During the course of their roughly year-long romantic relationship, Cook chronicled a man who was charming and intelligent, but also distant and emotionally unreachable.
“The sexual warmth is definitely there – but the rest of it has sharp edges and I’m finding it all unsettling and finding myself wanting to withdraw from it all,” Cook wrote in her journal in February 1984. “I have to admit that I am feeling anger at him for some reason, multi-stranded reasons. His warmth can be deceptive. Tho he speaks sweet words and can be open and trusting, there is also that coolness – and I begin to have an inkling of some things about him that could get to me.”
In a letter a month later, she told Obama that he has something of a “smoothed veneer” a “guardedness” that she ultimately terms “the veil.”
Looking back at that period of his life, Obama admitted to Maraniss in a White House interview that he was “‘deep inside my own head … in a way that in retrospect I don’t think was real healthy.’”
Maraniss portrays a future president struggling with race and identity. Was the young man, raised in Hawaii and Indonesia, with Kansan and Kenyan roots, foreign or American? Black or white?

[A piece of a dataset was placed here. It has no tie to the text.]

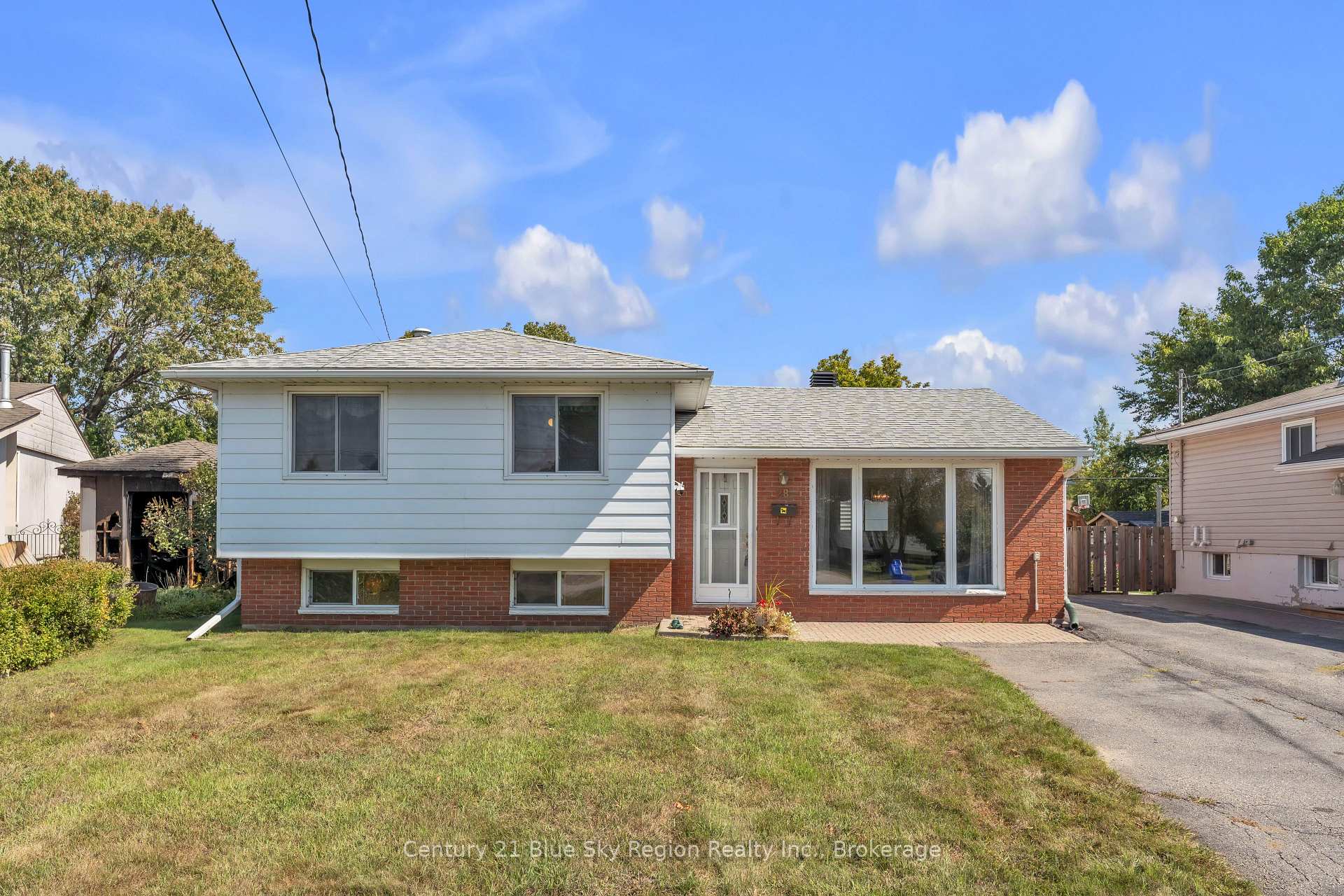 Photo 27 of 28 Farley Avenue, North Bay, Ferris — HOMEH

In a letter to a previous girlfriend, the president wrote, “Caught without a class, a structure, or tradition to support me, in a sense the choice to take a different path is made for me The only way to assuage my feelings of isolation are to absorb all the traditions [and] classes; make them mine, me theirs.’”
While this is the first time the public is learning her name, Cook is referenced in the president’s memoir “Dreams From My Father,” where he describes her as the white woman he met in New York.
Maraniss writes in Vanity Fair, “Early in Barack’s relationship with Genevieve, he had told her about ‘his adolescent image of the perfect ideal woman’ and how he had searched for her ‘at the expense of hooking up with available girls.’ Who was this ideal woman? Genevieve conjured her in her mind, and it was someone other than herself. She wrote, ‘I can’t help thinking that what he would really want, be powerfully drawn to, was a woman, very strong, very upright, a fighter, a laugher, well-experienced – a black woman I keep seeing her as.’”
In his book, the president describes taking his New York girlfriend to a play by a black playwright and later fighting with her over race. “She couldn’t be black, she said,” Obama wrote. The president later acknowledged in talking with Maraniss that the incident did not involve Cook.
“That was an example of compression I was very sensitive in my book not to write about my girlfriends, partly out of respect for them,” the president told him.
Obama’s relationship with Cook is described by Maraniss as the “deepest romantic relationship of his young life” and yet “when she told him that she loved him, his response was not ‘I love you, too’ but ‘thank you ‘- as though he appreciated that someone loved him.”
Cook and Obama ultimately broke up in 1985. “I guess I hoped time would change things and he’d let go and ‘fall in love’ with me. Now, at this point, I’m left wondering if Barack’s reserve, etc. is not just the time in his life, but, after all, emotional scarring that will make it difficult for him to get involved even after he’s sorted his life through with age and experience,” Cook wrote at the time.